In January 2003, Pharma Operating filed a lawsuit in the Supreme Court of the State of New York against us and certain of our subsidiaries in connection with the risk-sharing arrangement between the parties. The lawsuit sought, among other things, a court determination that Pharma Operatings approval would be required in the event we sell our interest in Sonata to a third party. On 30 January 2003, we settled the lawsuit and, under the terms of the settlement agreement, Pharma Operating dismissed the litigation between the parties without prejudice. Pursuant to the settlement agreement, effective upon the sale of Sonata to King in June 2003: (1) we paid Pharma Operating $196.4 million in cash (representing $225.0 million less royalty payments on all related products paid or due to Pharma Operating from 1 January 2003 through 12 June 2003) to acquire Pharma Operatings royalty rights with respect to Sonata and Prialt; and (2) our maximum purchase price for the remaining products in the arrangement, Zonegran, Frova and Zanaflex, was reduced to $110.0 million, which increased at a rate of 15% per annum from 12 June 2003 (less royalty payments made for periods after 12 June 2003). The parties also agreed to extend our purchase option termination date to 3 January 2005 from the original termination date of 30 June 2003.

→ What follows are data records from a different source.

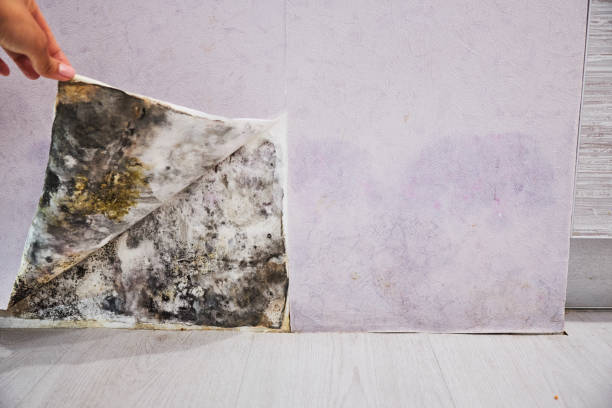 Best Crawl Space Mold Removal  in Youngsville, LA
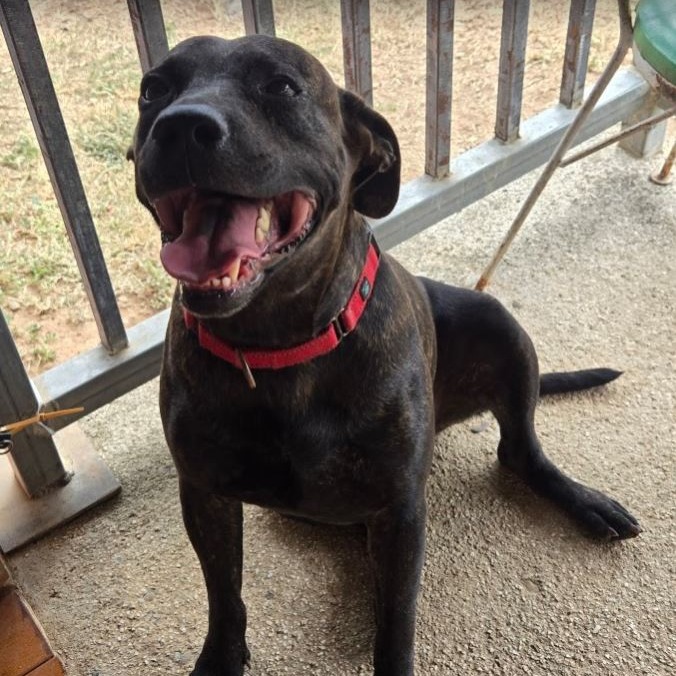 TIGRI - Retriever, Labrador / Mix available for adoption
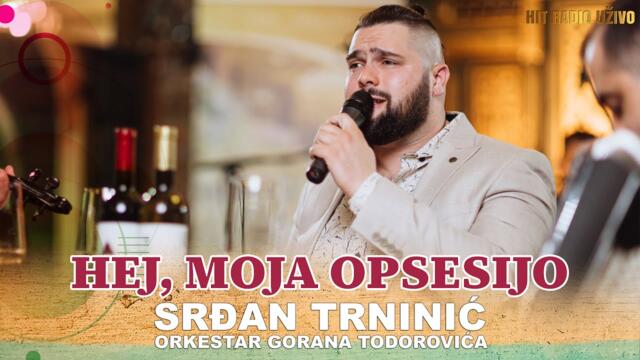 Srdjan Trninic - Hej moja opsesijo (orkestar Gorana Todorovica)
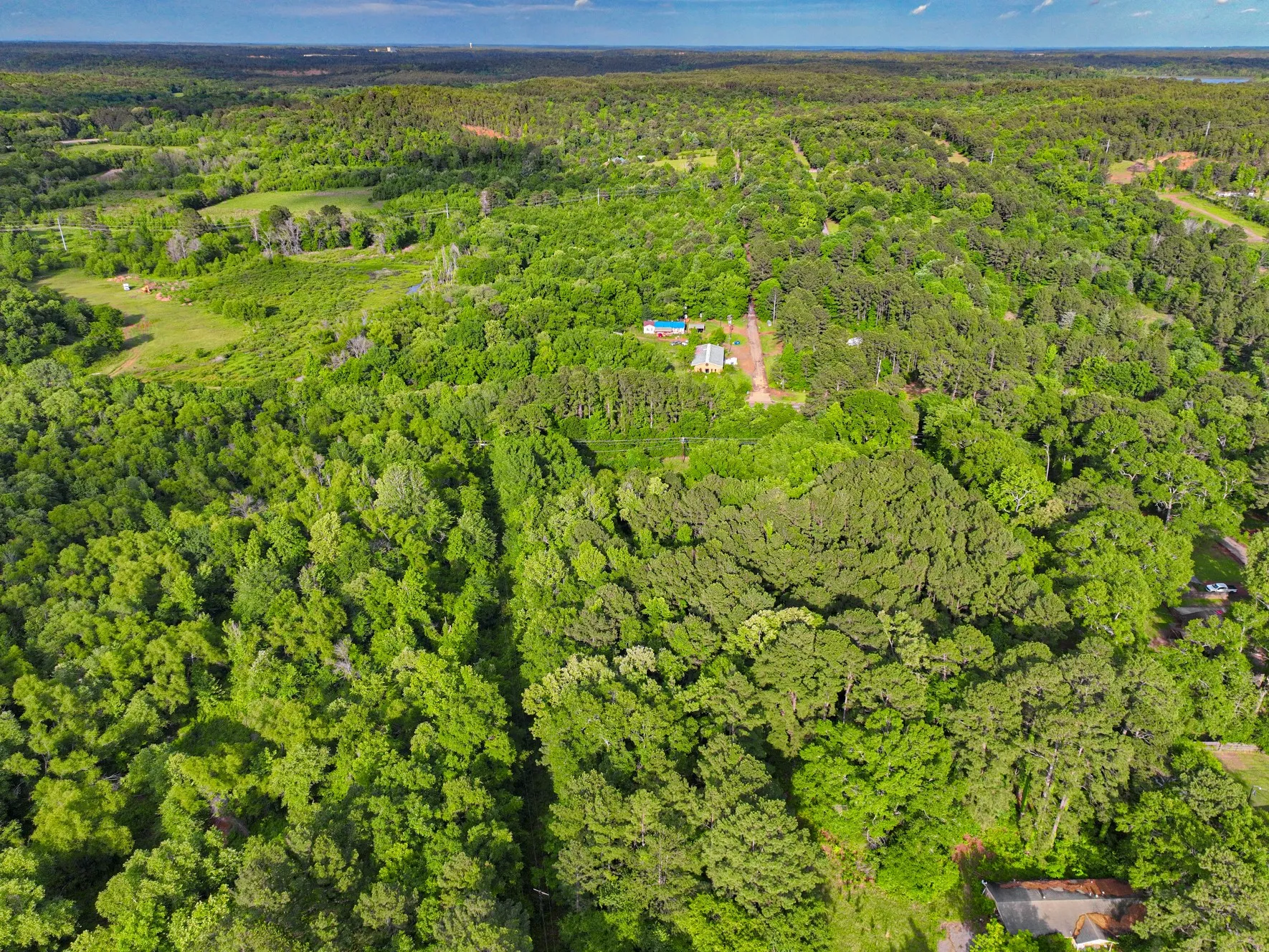 Unimproved Land For Sale in Morris County , 0 TBD W Cathy Street, Lone Star, Texas 75668, 0, 0, Garage spaces, 0 Sqft, built in 0, Price $27,900, mls#21270603, Real Estate Agent in Lone Star, Homes For Sale in Morris county, Homes For Sale in Lone Star, Realtor in Lone Star Texas, Real Estate Brokerage Independent Realty Texas, Luminita Cordes Realtor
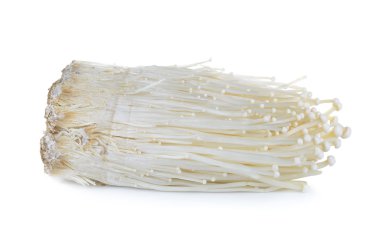 enoki mantar, altın iğne mantar izole beyaz backgro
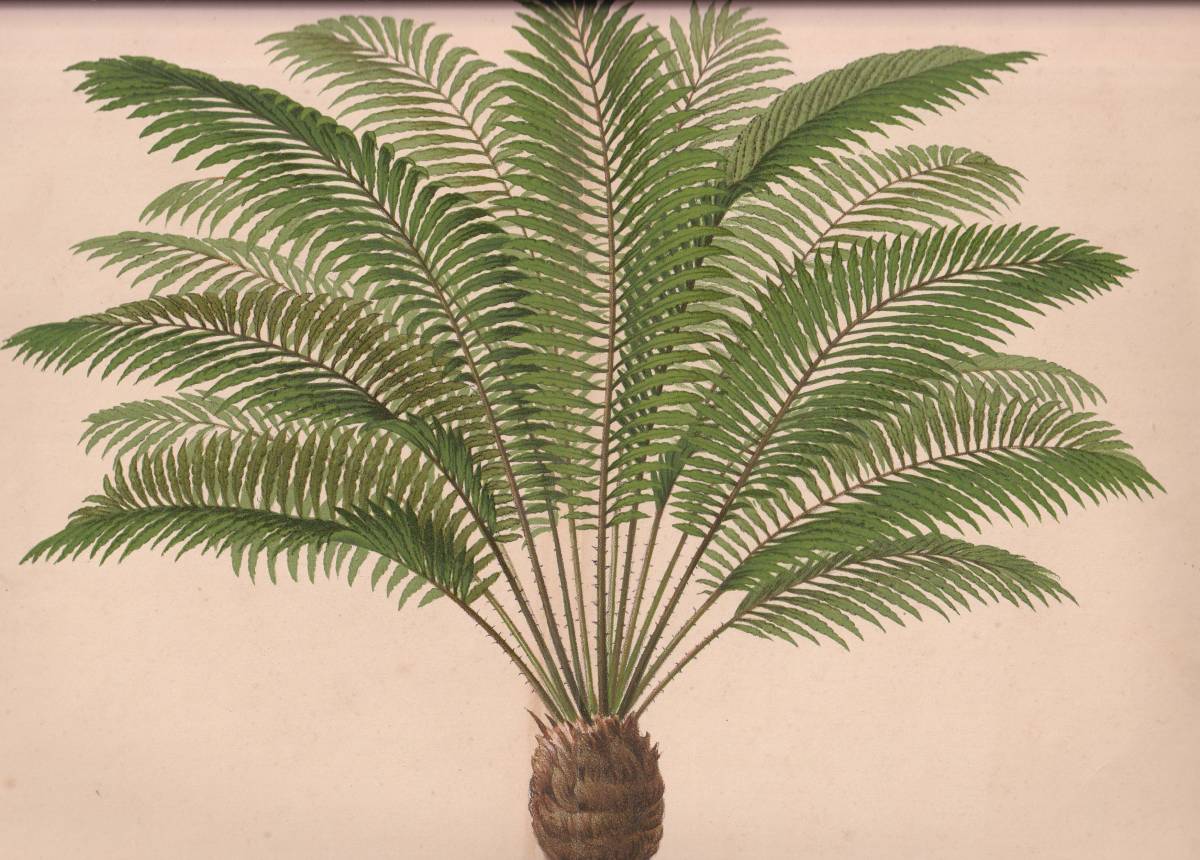 フランスアンティーク 博物画 植物画『ZAMIA　TONKINENSIS　LIND』 多色刷り石版画　ボタニカルアート_画像1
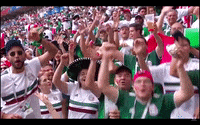 copa del mundo mexico GIF by MiSelecciónMX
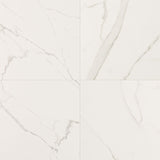 MS International Kaya 24" x 24" Polished Calacatta Venato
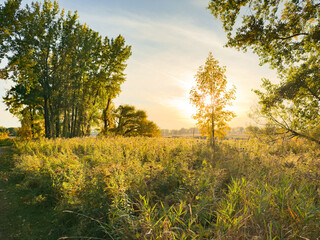 Fototapeta premium Montreal landscape 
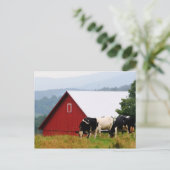 Vermont Cow Farm Postkarte (Stehend Vorderseite)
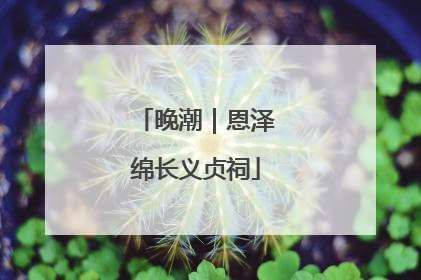 晚潮｜恩泽绵长义贞祠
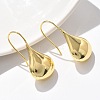 Teardrop Brass Dangle Earrings EJEW-B132-07G-1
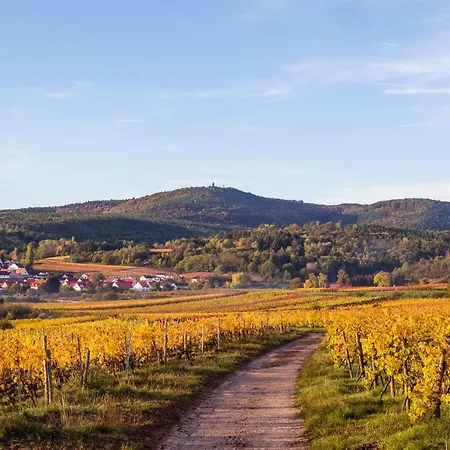 Bed & Breakfast Vinotel Weinstrasse Herxheim am Berg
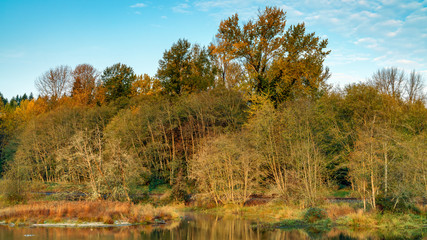 Percivil Cove, Olympia Washington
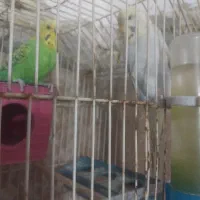 یک جفت مرغ عشق زیبا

In connection with the settlement agreement, we agreed that we would cause certain subsidiaries in the United States, Ireland, the United Kingdom, Germany, France, Spain and Italy to pledge their accounts receivable from commercial sales of pharmaceutical products and services to Pharma Operating as collateral to secure our obligations in relation to royalty payments under the Pharma Marketing arrangement and the settlement agreement. We also agreed that, following the closing of a sale of Sonata, we would grant Pharma Operating additional collateral to the extent that the aggregate value of the collateral package, which was to be tested on a quarterly basis, was less than the maximum purchase price for the royalty rights on Zonegran, Frova and Zanaflex. On 6 March 2003, Elan Pharmaceuticals, Inc. (EPI) and Pharma Operating entered
into a security agreement pursuant to which EPI granted Pharma Operating a first priority security interest in its accounts receivable from commercial sales of pharmaceutical products in the United States. On that same date, we agreed to the terms of the additional collateral mechanism. On 20 May 2003, Elan Phama Limited (EPL) and Pharma Operating entered into a security agreement pursuant to which EPL granted Pharma Operating a security interest in its accounts receivable from commercial sales of pharmaceutical products and services in the United Kingdom. A similar agreement was entered into in relation to Ireland by Elan Pharma Limited (Ireland) on 10 June 2003.
In November 2003, we exercised our option to purchase the remaining royalty rights of Zonegran, Frova and Zanaflex from Pharma Operating for $101.2 million and all of its agreements with Pharma Marketing were terminated. During 2003, we expensed $297.6 million for the acquisition of royalty rights from Pharma Operating.